Sofía es una madre soltera de 20 años. Le gusta escuchar stoner doom de la vieja escuela "sin artificios técnicos, sin producciones clínicas y perfectas". Uno podría verla a cualquier hora de la mañana con sus audífonos de chícharo metidos en el oído si se asomara a la cocina del restaurante chino que hay al final de la calle Hidalgo. Hace dos años y medio tuvo a su primer hijo, a quien nombró Shuldi. Shuldi es hijo de un kudú africano, pero como los padres de Sofía tienen prejuicios muy arraigados en contra de los kudús, Sofía ha preferido mantener a su hijo en secreto.
Un par de semanas atrás apareció en el buzón de su departamento una carta de su madre. Sofía dudó unos minutos antes de abrir el sobre. Cuando sacó la hoja y comenzó a leer, sus dedos temblaron y la hoja cayó al suelo. Shuldi se asomó al pasillo y se le quedó mirando con sus ojitos negros, tan inquisitivos. "Tus abuelos vienen de visita, llegan a fines de junio." Shuldi movió sus orejas grandes como antenas dirigiéndolas hacia ella e hizo un movimiento rápido tensando todo el cuerpo, como si se preparara para saltar.

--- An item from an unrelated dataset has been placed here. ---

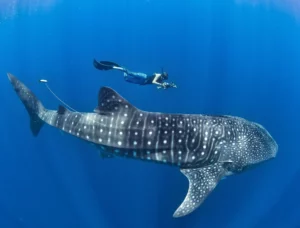 29349a_e3a172f34c6040058bdfccc16b566488_mv2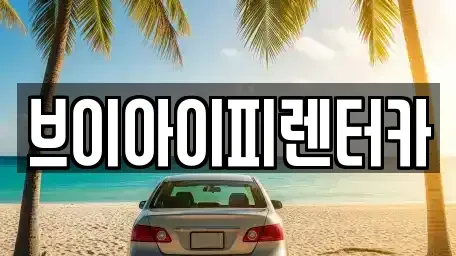 경기 오산시 내삼미동 렌트카 전문 브이아이피렌터카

Desde la aparición de esa carta en su buzón Sofía no ha podido dormir. Sus padres entrando al departamento como siluetas sin rostro para reclamarle que les ha mentido es paralizante. En el último sueño que recuerda, estaban los dos de pie, recortados como un par de cartones colocados a contra luz frente a la puerta principal. De pronto sus rostros inmóviles hechos de cera pálida se estiraron hacia el cielo como llamas, sus dedos gigantescos la señalaron acusadores y de sus bocas que parecían dos cavernas con estalagmitas de baba y telaraña salieron en silencio cuatrocientas noventa maldiciones que le llenaron los brazos y el alma con tatuajes que ardían como gotas de soldadura. Los muros y el techo del departamento se deslizaron como tranvías hacia el horizonte entre torbellinos de polvo anaranjado, y ella se hizo cada vez más pequeña hasta que el espacio entre sus articulaciones fue tan diminuto que no le fue posible mover un músculo o articular una palabra. Luego el dedo de su padre se convirtió en un lanzallamas y apuntó a Shuldi, que corrió tratando de ocultarse entre esa vastedad de polvo. Todo comenzó a dar vueltas y de pronto, como el golpe de un rayo, las llamas alcanzaron a su hijo. La risa de su madre cayó desde el cielo como una ametralladora de cuchillas. Todo olía a pelo quemado. Su hijo agonizante la miraba lleno de terror y ella no podía moverse. En un instante todo se convirtió en un alba brillantísima que todo lo engulló: no quedó nadie ni nada alrededor, ni arriba ni abajo. Sus oídos comenzaron a escuchar hipnotizantes acordes distorsionados en un tono tan grave que hacía temblar dolorosamente sus huesos. A lo lejos, un cencerro y tambores tocando ritmos tribales; cada tantos tiempos un llamado de guerra tocado con un cuerno y luego la voz de Shuldi, acre, quemada y ronca como un vidrio astillado que repetía un mantra indescifrable que duró una eternidad. Al poco tiempo comenzó a llover sangre tan espesa que se tragó toda la claridad. Sus oídos dolían tanto con el volumen inmisericorde de los acordes y el sufrimiento era tan grande que Sofía tuvo que desgarrarse la garanta hasta que logró emitir un sonido débil y tembloroso que fue creciendo hasta que sus gritos despertaron a su cuerpo y pudo correr al cuarto de Shuldi. Shuldi respiraba y dormía. Shuldi estaba bien, pero desde esa noche ella ya no pudo dormir más.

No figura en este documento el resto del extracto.